Heute ist die Blutgaseanalyse ein essenzieller Bestandteil der Notfallmedizin zur schnellen Kontrolle der Herz-, Lungen- und Stoffwechselfunktion. Kleine portable Systeme wie das RAPIDPoint 500® liefern anhand weniger Tropfen arteriellen Blutes bei einer Messzeit von 60 Sekunden genaue Testergebnisse in Laborqualität.
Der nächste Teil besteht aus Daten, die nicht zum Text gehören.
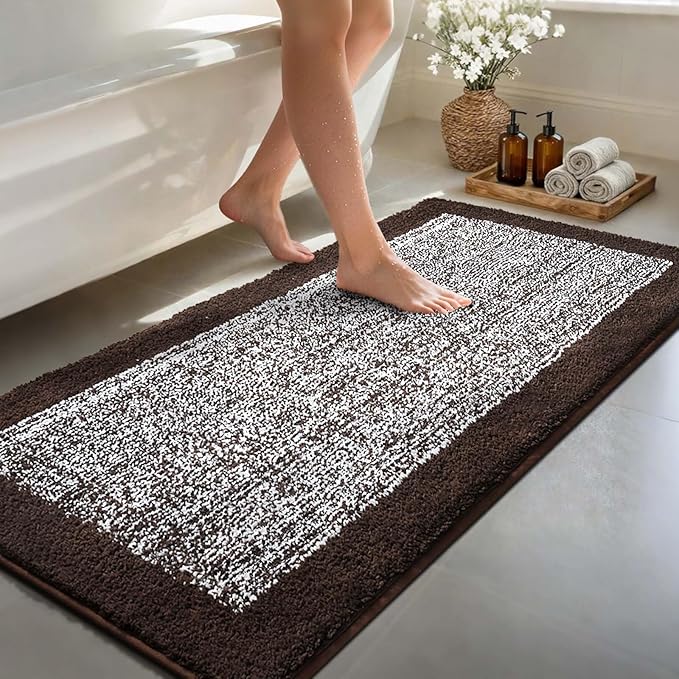 70x24 Long Bathroom Rugs Washable Non Slip, Brown Bath Mat for Bathroom Floor Tub, Soft Absorbent Quick Dry Mats for Shower, Bathtub,Home Decor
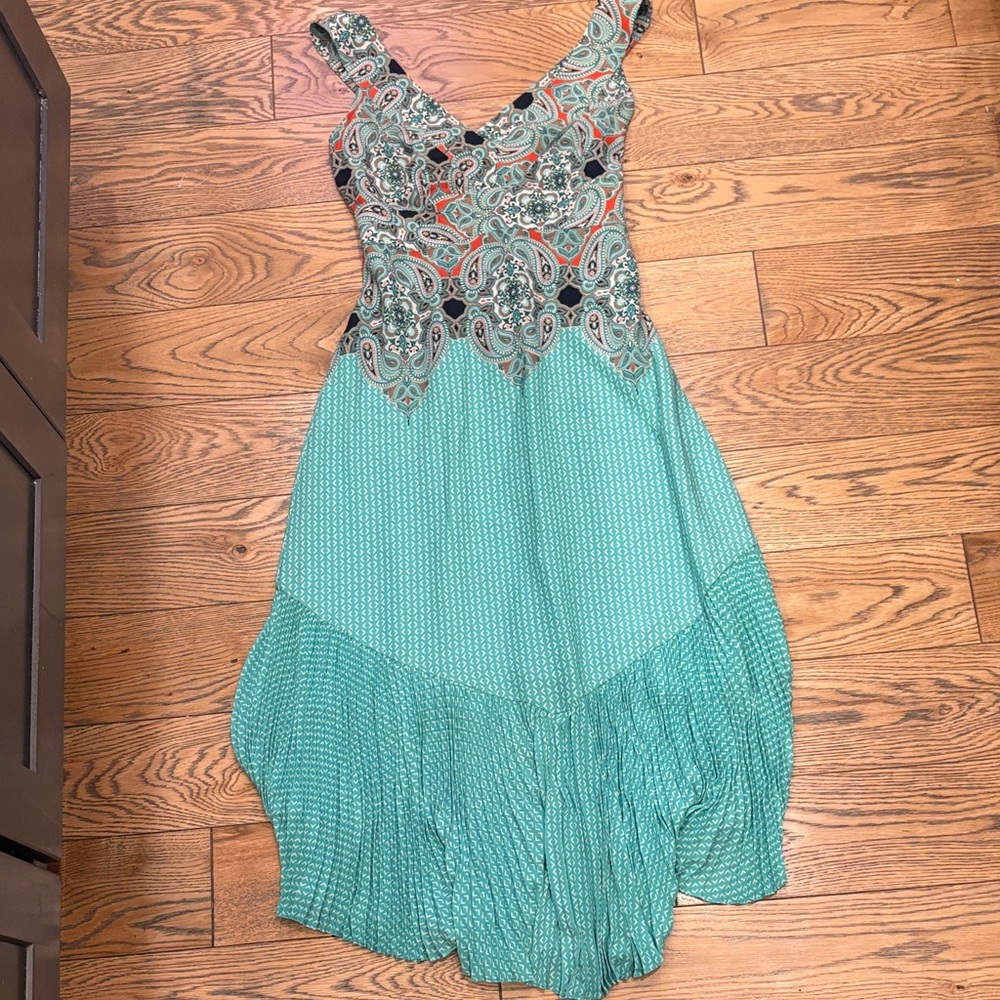 Maeve Anthropologie Asymmetrical Dress in Green and Black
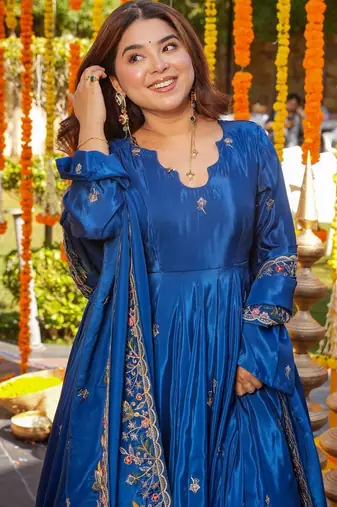 Blue Embroidered Anarkali Set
Während moderne Analysesysteme sämtliche Blutgaswerte messen, ist es Anfang der 1960er-Jahre noch nicht einmal möglich, den Sauerstoffanteil im Blut zu bestimmen. 

 

Ein Meilenstein in der Blutgasanalyse ist das Corning Modell 12 mit einer Elektrode aus hochspezialisiertem Glas, die den pH-Wert des Blutes misst, ohne dass das Ergebnis von anderen Blutbestandteilen verfälscht wird. Noch werden Blutgas- und pH-Messungen getrennt voneinander durchgeführt. Ein weiterer Durchbruch ist das Corning Model 165 von 1971, denn dieses Gerät kann erstmals in einer einzigen Blutprobe den pH-Wert, den Sauerstoffpartialdruck (pO2) und den Kohlendioxidpartialdruck (pCO2) ermitteln.

1976: CLINITEK Analyzer

Die Erfindung der Clinistix ist der Auftakt für die Entwicklung zahlreicher weiterer Teststreifen zur Urin- und Blutanalyse. Diese Teststreifen können mit bloßem Auge und mithilfe von Farbtabellen gelesen werden. Das Verfahren ist einfach und praktikabel. In kleinen Arztpraxen und im Privatgebrauch kommt es bis heute zum Einsatz. Doch bei einem hohen Probenaufkommen, etwa in Kliniken, wo täglich Hunderte Tests ausgewertet werden müssen, helfen automatische Messsysteme, viel Zeit zu sparen und gleichzeitig verlässliche Ergebnisse zu liefern.

 

1976 hält mit dem automatischen Urinanalysesystem CLINITEK Analyzer technische Unterstützung Einzug in die medizinischen Labore. Zum Auslesen eines Teststreifens legt man diesen einfach in das Gerät, und innerhalb von 30 Sekunden werden 37 unterschiedliche Urinwerte berechnet. Auf diese Weise lassen sich im Verlauf einer Stunde bis zu 60 Teststreifen auswerten. 

 

Durch kleine und hochspezialisierte Geräte kommt das Labor heute direkt zum Patienten. Egal ob in der Primär- und Notfallversorgung oder direkt am Krankenbett – mit diesen Systemen können lebenswichtige Informationen aus dem Blut gewonnen werden. Zum Beispiel ermöglicht das Xprecia Stride™, das nur etwas größer ist als ein Smartphone, eine schnelle und zuverlässige Blutgerinnungsanalyse in Laborqualität. 

2016: Atellica® Solution 

Zahlreiche Forscher und Entwickler der Vorgängerunternehmen der heutigen Diagnostik-Sparte von Siemens Healthineers leisten entscheidende Beiträge zur Entwicklung der modernen Labordiagnostik. Mit Atellica® Solution gelingt Siemens Healthineers 2016 der Schritt in die Zukunft.

 

Atellica® Solution ist ein wegweisendes System für die Klinische Chemie und die Immundiagnostik. Besonders bemerkenswert sind die Fortschritte bei Flexibilität und Geschwindigkeit der Analyse: Das System kann zum Beispiel in mehr als 300 verschiedenen Kombinationen aus bis zu zehn Komponenten individuell zusammengestellt werden, um den zur Verfügung stehenden Raum im Labor bestmöglich zu nutzen. Die magnetische Probentransporttechnologie ist bis zu zehnmal schneller als konventionelle Labor-Transportbänder. Ein Immunoassay-System der Atellica® Solution analysiert mehr als 400 Proben in der Stunde. Mithilfe der Software für eine intelligente Ablaufplanung wird jede Probe einzeln erfasst und entsprechend ihrer Priorität gesteuert: So haben Notfallproben Vorrang vor Proben aus Routineuntersuchungen.